Of course, there is a lot to be discussed about how to implement this collaborative, how to choose the targets, how to choose the models for submission, etc. Let’s start with some of the ground rules set by Gowers for his Polymath project and then add more specific rules for this project.

1. Comments should be concise.

2. Comments should be easy to understand so others get the idea and can build on it.

3. Stupid comments are welcome. Not stupid like “unintelligent” but stupid like not fully thought through.

4. If you can see why somebody else’s comment is stupid, point it out in a polite way. And if someone points out that your comment is stupid, do not take offense.

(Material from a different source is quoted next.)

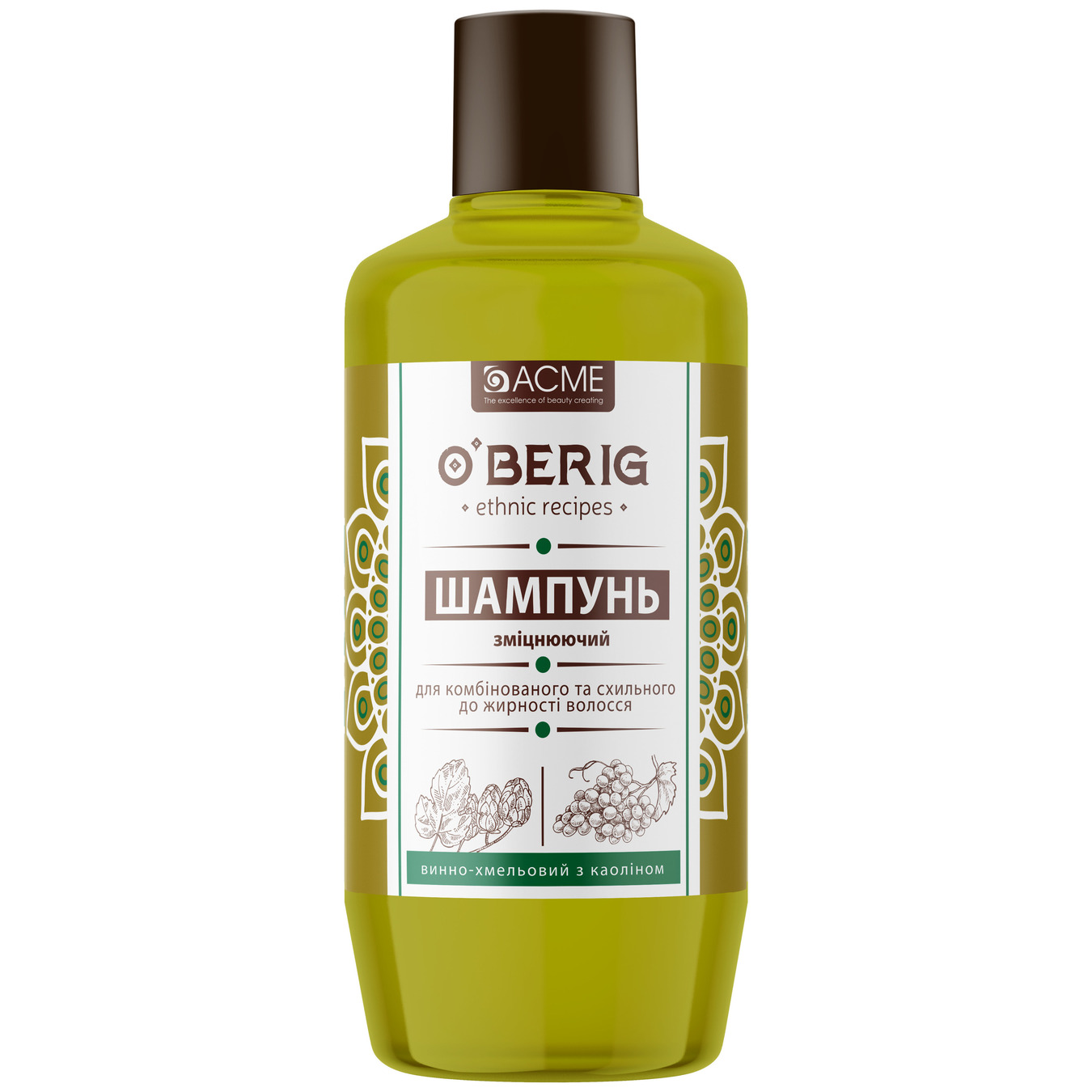 O'Berig clay shampoo for combined and greasy hair wine-hop with white clay 500ml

5. Don’t actually use the word “stupid”.

6. If you are convinced that you could answer a question but it would just need a couple of weeks to polish your thoughts and try a few things out, then resist the temptation to do that. Instead, explain concisely why you think it is feasible to answer the question and see if the collective approach gets to the answer more quickly. Only go off on your own if there is a general consensus that that is what you should do.

7. If you think of an approach that is completely different from the current one then you should suggest starting a different track. We need to decide how we’re going to choose which models to submit.

8. If the experiment results in something publishable then the paper should be submitted under a pseudonym with a link to the people who contributed and the entire online discussion.

9. The collaborative experiment should focus on a small number of targets, leaving plenty of time for the individual groups that want to participate in CASP to do so as usual.


A final invitation

I hope you’re interested in joining me on these discussions. We’re going to discuss this collaborative at the Zing Conference on Protein and RNA Structure Prediction next week. I’ll post a summary here so that everyone knows what we discussed and can further comment.

We can’t guarantee that this experiment will produce groundbreaking results. However, no matter what the short‐term results may be, let’s hope that it will create the spark to fire up the field and to speed up the rate at which discoveries are made.